- [What is expected]:
What is needed is an exact transcription of the line containing "Реглан Satin Woven Pullover" and every line after it through the end of the entries below, with no pictures.

######

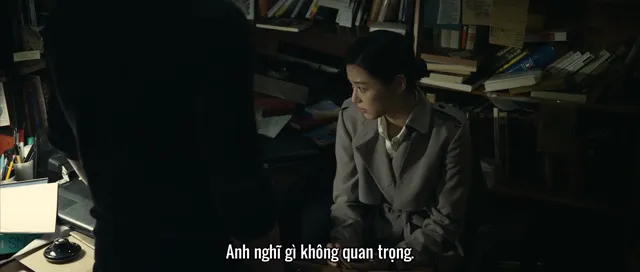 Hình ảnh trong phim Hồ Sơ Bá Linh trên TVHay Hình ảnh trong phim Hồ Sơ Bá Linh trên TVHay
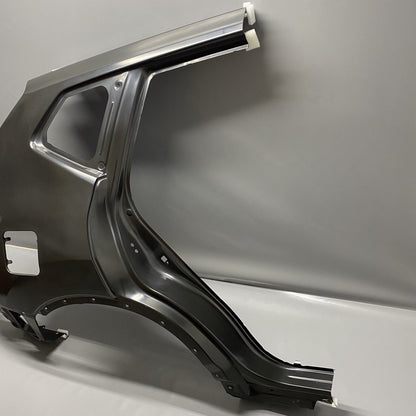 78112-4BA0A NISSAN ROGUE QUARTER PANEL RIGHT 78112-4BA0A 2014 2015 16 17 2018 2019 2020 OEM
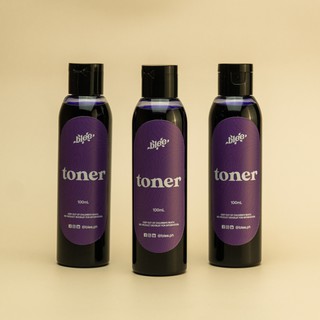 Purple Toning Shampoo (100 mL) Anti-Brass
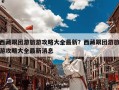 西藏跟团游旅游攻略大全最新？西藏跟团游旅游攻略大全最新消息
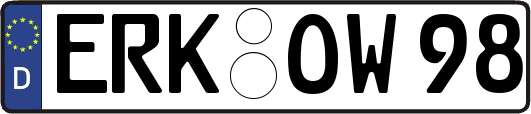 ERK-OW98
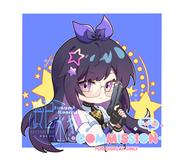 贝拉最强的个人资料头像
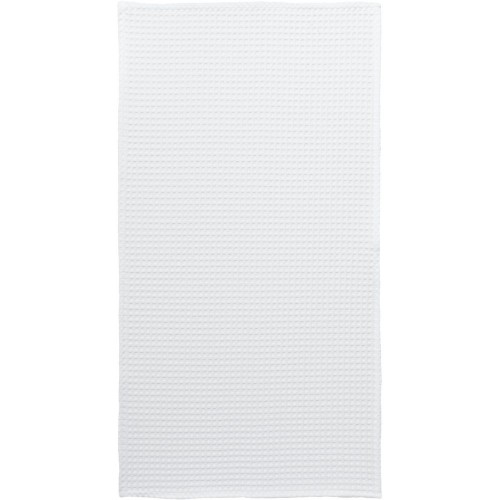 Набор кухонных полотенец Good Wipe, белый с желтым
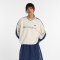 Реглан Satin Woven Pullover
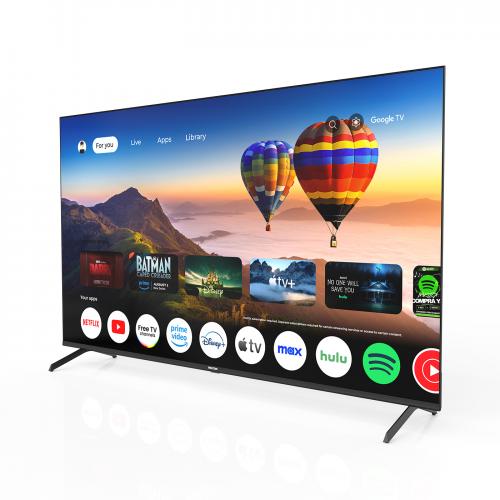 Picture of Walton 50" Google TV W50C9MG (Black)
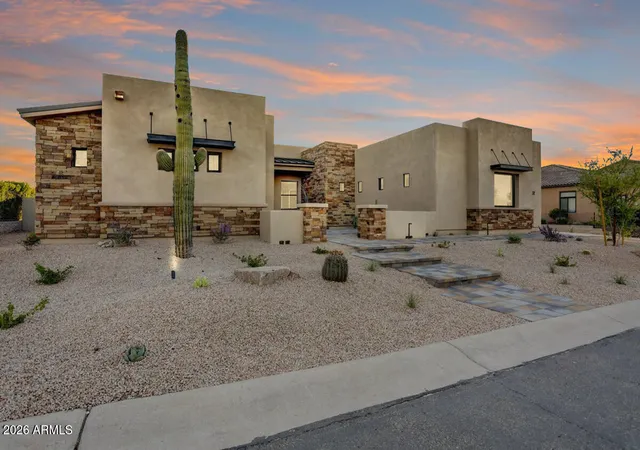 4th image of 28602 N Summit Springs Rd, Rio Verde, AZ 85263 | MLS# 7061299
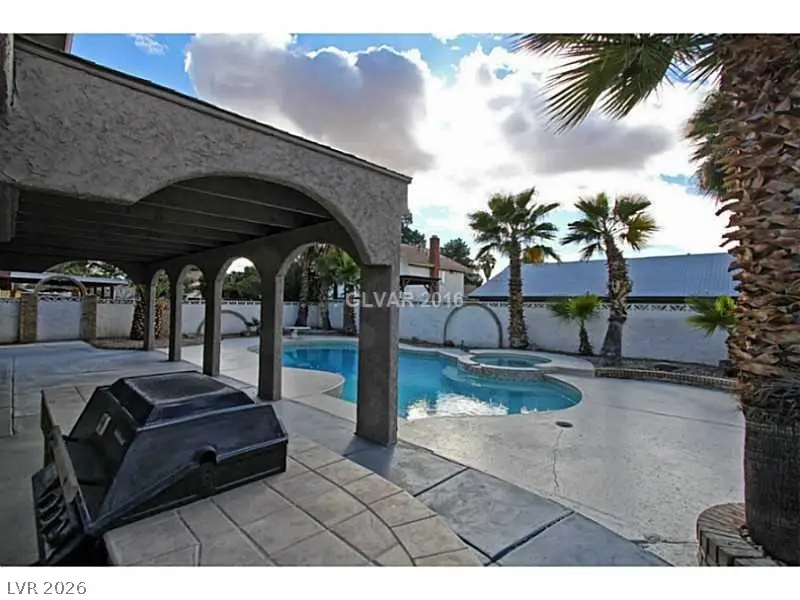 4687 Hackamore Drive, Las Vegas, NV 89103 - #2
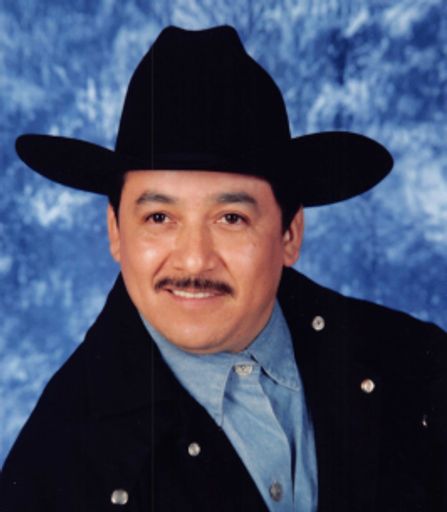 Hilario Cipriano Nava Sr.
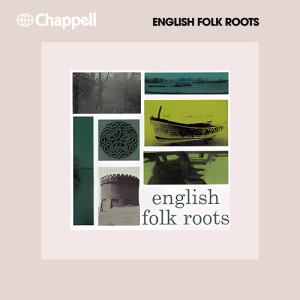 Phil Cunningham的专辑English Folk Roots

######

- [Task output]:
 Реглан Satin Woven Pullover
 Picture of Walton 50" Google TV W50C9MG (Black)
 4th image of 28602 N Summit Springs Rd, Rio Verde, AZ 85263 | MLS# 7061299
 4687 Hackamore Drive, Las Vegas, NV 89103 - #2
 Hilario Cipriano Nava Sr.
 Phil Cunningham的专辑English Folk Roots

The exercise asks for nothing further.